Marie, le jeudi 19 décembre 2013 à 16:47
Merci pour ce beau témoignage. Il m’a beaucoup touchée !
Da Scritch, le jeudi 19 décembre 2013 à 17:04
J’ai été touché par ton billet.
Il rappelle que nous devons maîtriser une multitude de machines, mais que nous-même nous n’existons que par notre corps Et lui-même est une machine fragile
Tu es courageuse d’avouer publiquement ta maladie.
Et le dire ne devrait jamais donner un sentiment de honte ou de culpabilité : Tu n’es pas en faute, tu en es juste victime. Et cela pourrait arriver (ou arrive déjà ?) à n’importe lequel d’entre nous tous (exceptés les bots et I.A. qui nous lisent, coquinous)
Merci.
Nicolas, le jeudi 19 décembre 2013 à 22:24
Si je tenais à vous adresser mes encouragements, je voulais avant tout vous remercier ce témoignage. De votre parcours, chacun pourra en tirer quelque chose. Pour ma part cela me fait dire que si nous aspirons tous à être de bons professionnels pour notre épanouissement, cela va de pair avec le fait d’être un bon être humain, compréhensif et à l’écoute des besoins de chacun.
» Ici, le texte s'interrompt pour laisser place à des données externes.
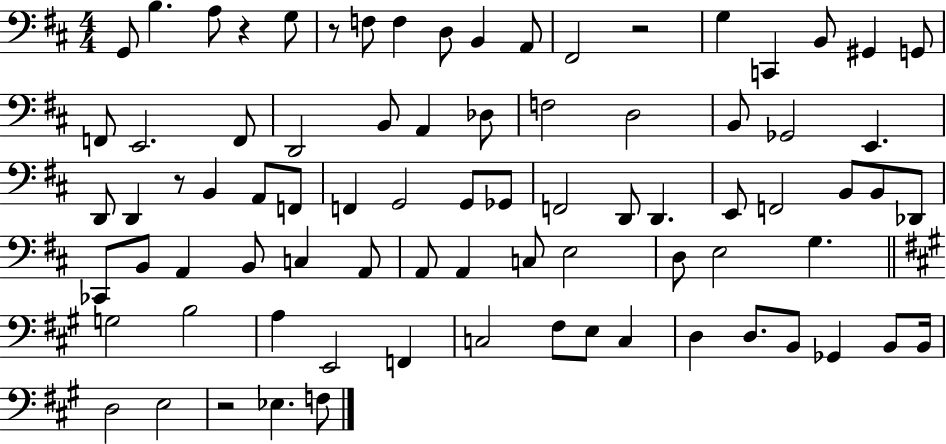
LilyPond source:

Nicholson, le samedi 21 décembre 2013 à 09:42
Bcp de courage, oui ce monde est dur professionnellement et humainement. Nous ne sommes jamais assez performant au taf alors dès qu’en plus il y a une épreuve (de quelques natures que cela soit) eh bien le rejet ou le regard des autres changent. Faire de son mieux est ce que tu as choisi et c’est la décision que j’aurai prise aussi. La souffrance physique et morale que tu subis face a cette maladie sont épouvantables et tu as un immense courage. Avoir mis enfin un mot sur cette maladie doit t’avoir aidé moralement. Il est dur de combattre un ennemi que l’on ne sait nommer. Fais de ton mieux chaque jour Noémie, si un tiers a un problème avec les effets secondaires de ta maladie, c’est son problème pas le tien, si tu as envie de dire la vérité dis la sinon tu t’en tiens a la réalité savoir une professionnelle de qualité qui a une vie privé comme tout un chacun. Puises ta force en tes enfants et ton époux qui t’aiment pour toi. Mes pensées vont vers vous. Amicalement severine
Noémie, le samedi 21 décembre 2013 à 11:10
Merci à chacun d’entre vous, pour vos encouragements face à ce difficile exercice que de parler de soi.
Seulement 2 jours que cet article a été publié, et déjà une immense retombée positive tant bien professionnellement que dans ma vie privée. Beaucoup de personnes sont venues me voir directement : je peux désormais en parler librement (outre le fait que je tiens désormais un standard téléphonique :-P).
Au moins, la prochaine fois que je serai confrontée à un problème « à s’en arracher les cheveux », je ne serai plus toute seule à rire (jaune) dans mon coin !
J’ai l’impression que je vais pouvoir aller de l’avant dans ma vie.
@ Nico : je viens de découvrir ton article très touchant également, de nombreuses similitudes effectivement.
Bref, encore merci à tous.
Fanny, le jeudi 16 janvier 2014 à 16:17
Au debut de ma lecture, je me suis dis « Bah mince ca parle pas du web ? ». Mais ta facon d’ecrire est tellement belle / naturelle, et ton histoire est tellement interessante que j’ai reussie a lire tout l’article !
J’adore la facon dont tu vois les choses, et ta conclusion. Et oui, pour nous tous (ou la plupart), le web / webdesign est notre passion, mais la sante avant tout !
Bon courage pour la suite et toutes mes felicitations pour ton article. J’ai adore.
Sophie, le dimanche 19 janvier 2014 à 12:40
Noémie,
je n’ai rien à ajouter et pas grand chose à dire, mais je tenais à te manifester mon admiration. Félicitation pour ton article, les gens passionnés et courageux son rare. Bonne continuation dans le monde pas toujours joli mais si intéressant du web et du design ^^ et encore bien du courage avec ta maladie :-).